No resulta nada fácil escribir sobre esta mini serie británica que se ha convertido en un verdadero fenómeno social. Probablemente, todo lo que había que decir sobre ella ya se ha comentado, y lo han hecho voces infinitamente más autorizadas que la que les habla desde este humilde rincón perruno.

Para empezar, he de reconocer que yo también me sentí atrapada sin remedio por esta trama y me zampé de un tirón los cuatro capítulos de una hora cada uno casi sin respirar. La factura técnica de la serie es impecable: cuatro entregas grabadas en plano secuencia con un espectacular trabajo actoral en el que destaca especialmente Stephen Graham, en el papel del padre del protagonista. Sus puntos fuertes, casi todos: magnífico guion, plano secuencia que te sumerge de manera angustiosa en la pesadilla y actores en su punto siempre, contenidos y verosímiles, lejos de la lamentable efusividad lacrimógena y gritona a la que nos tienen acostumbrados los actores españoles de la nueva escuela.

La trama, como ya supongo que todo el mundo sabe, parte de un hecho terrible: Jamie Miller, un adolescente de 13 años, es arrestado por el asesinato de una compañera de instituto.
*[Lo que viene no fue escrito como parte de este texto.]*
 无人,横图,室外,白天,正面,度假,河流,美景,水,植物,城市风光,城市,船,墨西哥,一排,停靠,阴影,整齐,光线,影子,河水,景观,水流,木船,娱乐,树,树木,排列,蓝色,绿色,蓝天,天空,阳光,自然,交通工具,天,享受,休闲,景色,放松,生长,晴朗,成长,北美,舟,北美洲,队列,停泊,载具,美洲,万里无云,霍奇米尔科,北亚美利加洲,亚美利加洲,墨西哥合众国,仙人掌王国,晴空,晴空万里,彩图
A partir de aquí, la serie presenta dos partes claramente diferenciadas por su tono: la primera, que abarca los dos primeros capítulos, desarrolla una hipnótica investigación policial centrada en dos escenarios (la comisaría y el instituto donde estudiaban víctima y verdugo); la segunda parte (capítulos tercero y cuarto) se mete de lleno en el drama psicológico desde dos perspectivas, la del adolescente acusado y la de su familia.

Y una vez que has terminado la serie y, como en una especie de catarsis trágica, ya puedes respirar y, por tanto, pensar, te preguntas: ¿qué ha querido decirnos exactamente su director?, ¿cuál es el mensaje –o los mensajes-  de este escalofriante relato?
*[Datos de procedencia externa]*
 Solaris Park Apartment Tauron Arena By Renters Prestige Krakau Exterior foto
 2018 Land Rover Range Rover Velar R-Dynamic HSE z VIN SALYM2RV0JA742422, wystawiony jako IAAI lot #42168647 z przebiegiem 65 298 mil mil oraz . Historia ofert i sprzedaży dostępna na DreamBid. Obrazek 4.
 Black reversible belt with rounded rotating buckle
La fuerza de la ficción radica sin duda en que todos los que somos padres podemos sentirnos identificados con los de la serie, que comprueban con estupor que no tienen ni idea de lo que pasa por la mente y por los dispositivos electrónicos de su adorable hijo pequeño. ¿A quiénes hacen responsables los guionistas? Son varios los factores que se alían: las redes sociales, a las que los jóvenes acceden muy tempranamente y que los ponen en contacto con oscuras y perniciosas ideologías; la falta de comunicación real con unos padres decentes, pero ausentes, y un sistema educativo del que se hace un retrato feroz en el segundo capítulo y que eriza los vellos, especialmente a los que nos dedicamos a enseñar en Secundaria. La serie nos va desvelando un mundo sórdido y paralelo en el que se desenvuelve el adolescente y al que de ningún modo tienen acceso sus padres o sus profesores, que se encuentran como a varias generaciones de distancia, completamente ajenos al nuevo lenguaje y a las crípticas convenciones de las redes. Y esto es realmente lo que nos aterra de Adolescencia, sobre todo a los que tenemos hijos o hijas en esta compleja etapa.
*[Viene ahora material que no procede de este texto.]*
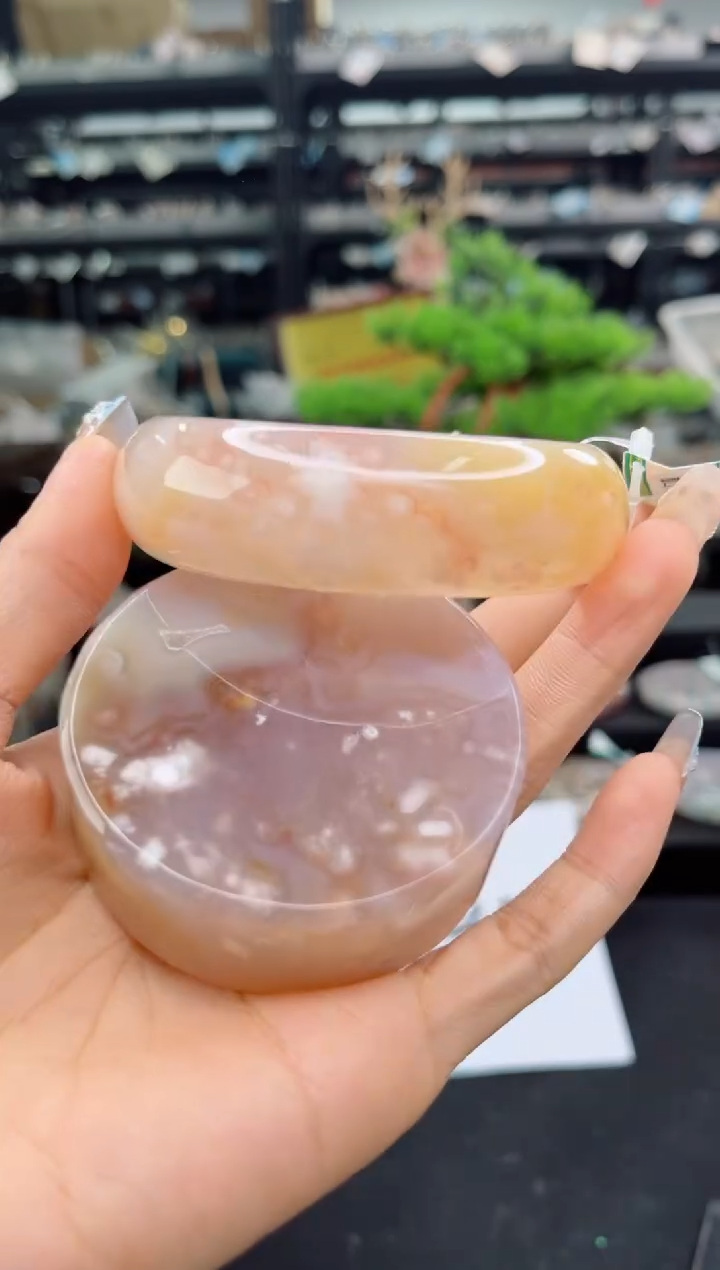 石英质玉未镶嵌手镯61圈口（赠品镯心）3658101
Ahora bien, ¿pueden todos estos factores, por sí mismos, fabricar un asesino? Francamente, me parece que no y que, si ese es el mensaje de la serie, es alarmista y exagerado. Sí es cierto que el cóctel que mezcla unos padres que se abstienen de una educación espiritual, un sistema educativo fracasado donde el docente ha perdido toda autoridad legal o moral y también toda vocación y esperanza, y, sobre todo, unas redes sociales que abren al adolescente un mundo complejísimo y perverso para el que de ningún modo está preparado, puede ser la chispa que encienda al asesino que alguien lleva dentro. Pero creo que, afortunadamente, el porcentaje de población que lleva dentro un asesino a sangre fría es muy escaso. Quiero pensar que el mundo en el que se desenvuelven nuestros adolescentes no explica por sí mismo la conversión de un niño normal de trece años en un asesino. Otros similares han existido a lo largo de la historia sin la presencia de redes sociales y con circunstancias vitales aparentemente apacibles. El psicópata ha existido siempre y seguirá existiendo; lo que va evolucionando son las circunstancias que lo empujan a matar.

Por eso, la serie, que es técnica y artísticamente intachable, me parece errada y pretenciosa si pretende desvelar la fórmula del mal, la clave para que un adolescente se convierta en asesino. De todas formas, hay que verla: disfrutarán de la trama, de una historia bien contada, y descubrirán un mundo salvaje y oculto que hay que conocer para poder combatirlo.